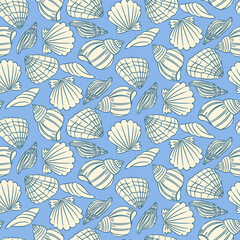 Seamless pattern with white seashells on blue background. Elegant marine design for textiles, paper, and beach-themed decor
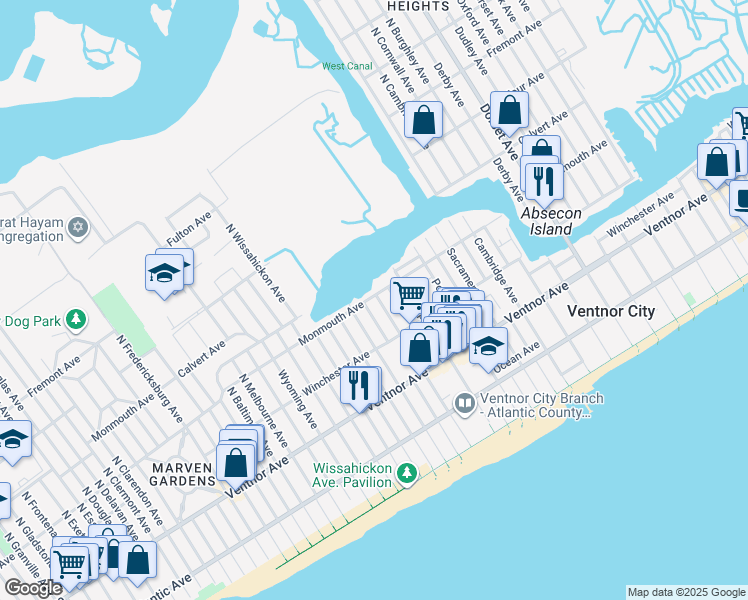 map of restaurants, bars, coffee shops, grocery stores, and more near 130 North New Haven Avenue in Ventnor City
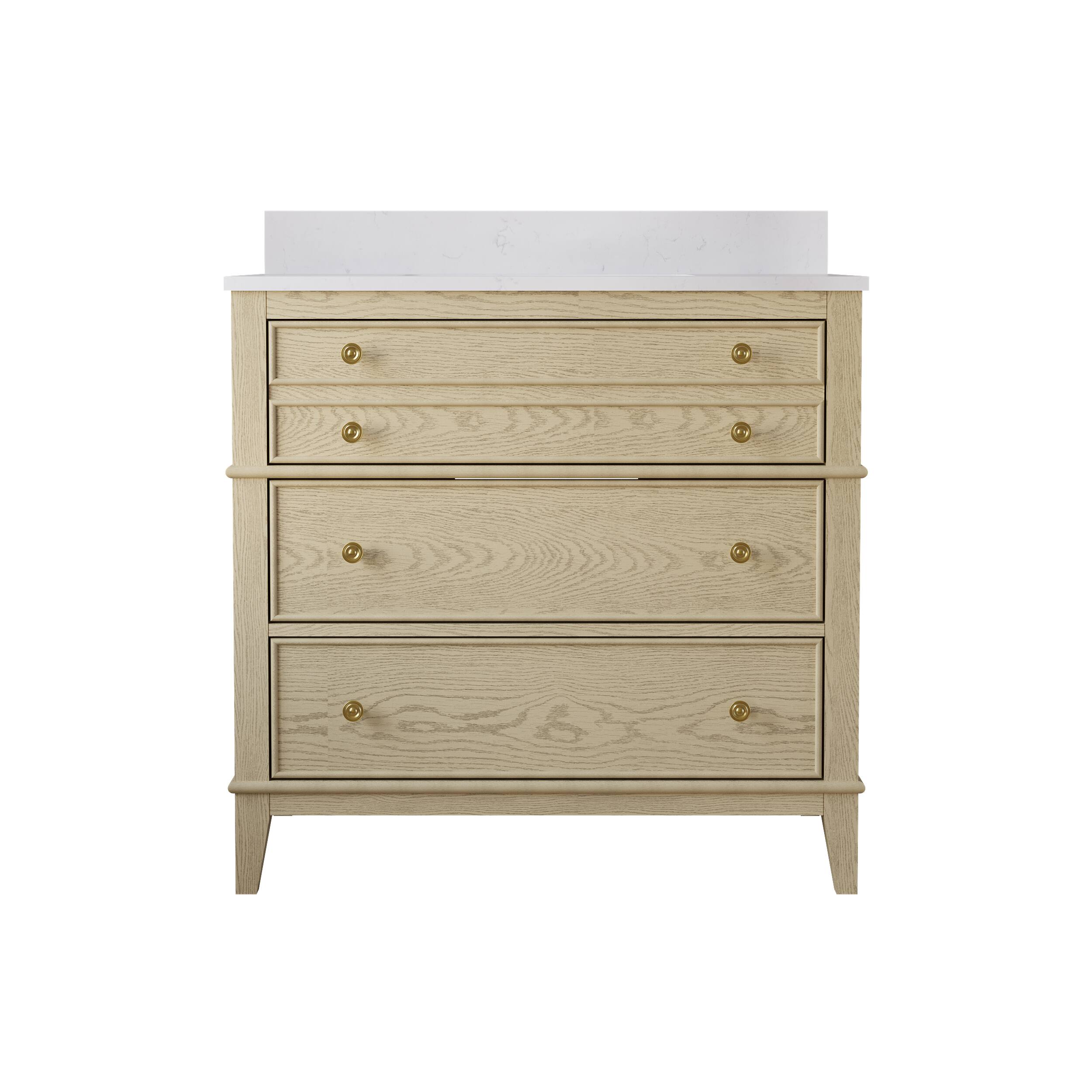 Alt View 4. WELLFOR - MEGAN 36 in. Freestanding Solid Wood Bath Vanity with Quartz Top, Single Sink, Soft Close, Assembled - OAK.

Assignment ->
Return the complete material above exactly, with no picture.

Answer section ->
 Seamless pattern with white seashells on blue background. Elegant marine design for textiles, paper, and beach-themed decor
 map of restaurants, bars, coffee shops, grocery stores, and more near 130 North New Haven Avenue in Ventnor City
 Alt View 4. WELLFOR - MEGAN 36 in. Freestanding Solid Wood Bath Vanity with Quartz Top, Single Sink, Soft Close, Assembled - OAK.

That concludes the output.